Güncelleme Tarihi:
Kortesk grubu 23 yıl önce Ege Tıp Fakültesi’nin müzik odasında iki psikiyatrist doktorun yollarının kesişmesiyle kuruldu. İkili boş buldukları her anı müzik yaparak değerlendirdi. Daha sonra onlara başka mesleklerden arkadaşları katıldı. Ama iş yoğunluğundan grup üyelerinden bazıları ayrıldı yerlerine yenileri eklendi ama son üç yıldır grup son halini aldı. İsim arama çalışmaları sırasında akıllarına ilk Vorteks ismi geldi. Bu da onlara beynin en gelişmiş kısmı olan ‘korteks’i çağrıştırdı: “Korteks aynı zamanda yüksek insansal işlevlerden de sorumlu.
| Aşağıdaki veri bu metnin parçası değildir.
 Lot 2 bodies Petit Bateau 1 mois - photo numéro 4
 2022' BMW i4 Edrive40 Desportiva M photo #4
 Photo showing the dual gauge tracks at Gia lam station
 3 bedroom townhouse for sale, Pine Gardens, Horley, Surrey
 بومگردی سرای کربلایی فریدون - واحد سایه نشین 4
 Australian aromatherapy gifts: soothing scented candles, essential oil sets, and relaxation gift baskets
Havalı bir bölge yani. Söylenişi de güzel. Bizim de müziğimizde biraz akıl var aslında. Yapı bizim için önemli; arka plandaki armonik yapı da üzerinde kafa yorduğumuz bir katman. Ama bu duygusuz iş yapıyoruz gibi gözüksün istemeyiz. Duygularımızı teknik içinde yoğurduk; aklımızı da işe kattık” diyorlar. Grup konserler sayesinde yavaş adını duyurmaya başladı. Facebook ve Myspace’te de parçalarını yayınladı. Ve kendi albümlerini kendi imkanlarıyla çıkarmaya karar verdiler. Dağıtımcıları olmadığı için albümleri www.korteksmuzik.com adresinden alınabiliyor.
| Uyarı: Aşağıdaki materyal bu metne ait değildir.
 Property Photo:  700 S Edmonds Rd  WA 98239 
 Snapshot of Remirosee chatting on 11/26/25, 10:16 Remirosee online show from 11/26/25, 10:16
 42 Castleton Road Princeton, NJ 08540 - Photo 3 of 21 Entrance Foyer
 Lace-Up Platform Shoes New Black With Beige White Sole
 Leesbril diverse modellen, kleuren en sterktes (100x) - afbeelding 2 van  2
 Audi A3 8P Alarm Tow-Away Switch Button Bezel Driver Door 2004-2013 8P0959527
SÖZ YAZARKEN HASTALARIMDAN ETKİLENİYORUM
Grubun solisti ve sözlerin büyük bir kısmını yazan Alp Karaosmanoğlu, bazı parçalarında psikoterapi görüşmelerinden etkilendiğini söylüyor: “Görüştüğüm kişilerin çektiği zorluklar ve duygularından etkilendim. Örneğin ‘Terketme’ adlı parçada, bir hastanın eşine söylemek istediği sözler var. Bebeğim şarkısı, bir ilişki sırasında içindeki kaybolmuş çocukla karşılaşan birisini anlatıyor. Zaten terapi sürecinde içimizden geçen önerileri hastamıza direkt olarak söyleyemiyoruz. Ama içimizden söylemek gelir. Bu nedenle müzik seansları biraz da içimizde birikenleri dışarı atmamızı sağlıyor.”
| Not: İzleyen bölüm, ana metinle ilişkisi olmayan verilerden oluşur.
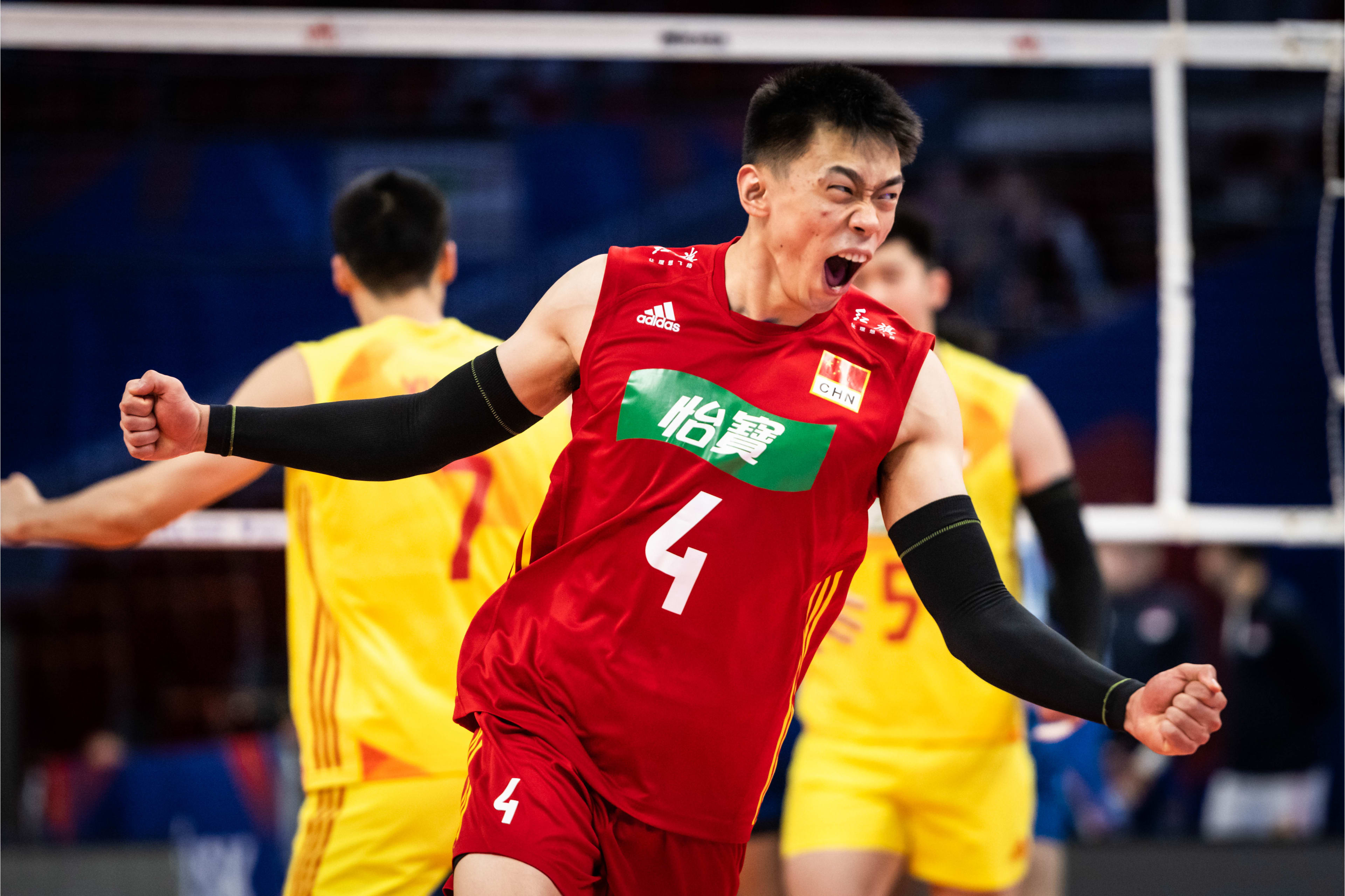 张秉龙替补立功!杨一鸣关键分接飞一传,张冠华王径一表现不佳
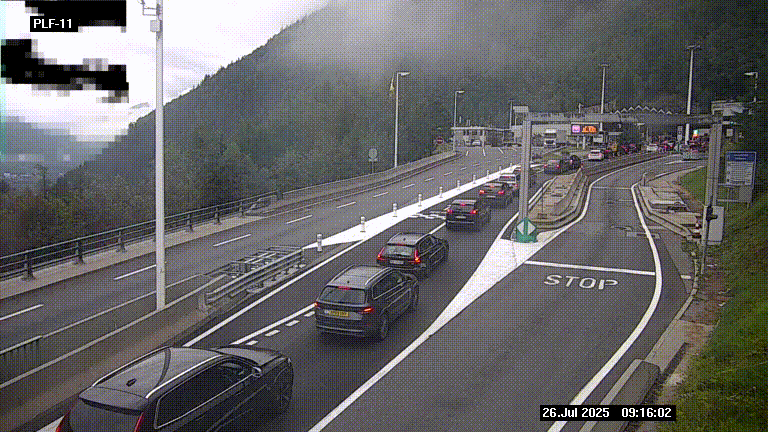 <h2>Caméra avant le péage du tunnel du Mont-Blanc, côté entrée France à Chamonix-Mont-Blanc, à la fin de la N205</h2>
Grup sözler gibi müziklerine de önem veriyor. Ege Karaosmanoğlu, gitar kadar klavyenin de ağırlıklı olduğu bir sound yarattıklarını söylüyor: “40 yılı aşan zamandır dinlediğimiz rock, blues, jazz, funk parçaların içimizde bıraktığı izleri, kişiliğimizle harmanlayarak sevdiğimiz soundlar ortaya çıkarmaya çalışıyoruz ve bunu yaparken sadece içimizden gelen müziği dinlemek istiyoruz. Saf rock dinleyen kişiler müziğimizi severlerse ne mutlu bize”.
Düğünlerde çalan bir doktorum
ALP KARAOSMANOĞLU (41, psikiyatrist)
İlkokulda dayımın Almanya’dan getirdiği orgda parçalar çalmaya başladım. Bu durum müzik hocasının dikkatini çekti ve aileme ısrarla piyano aldırdı. Piyanoya aşık oldum ve klasik müzik eğitimi aldım. Üniversitede bir rock grubuna girerek aradaki açığı kapatmaya çalıştım. Tıp okumama rağmen müzik piyasasının düğünler, pavyonlar, rock barlar, jazz barlar, pop barları da dahil her köşesinde çaldım. Şimdi grupta bas gitar çalıyorum aynı zamanda vokalim.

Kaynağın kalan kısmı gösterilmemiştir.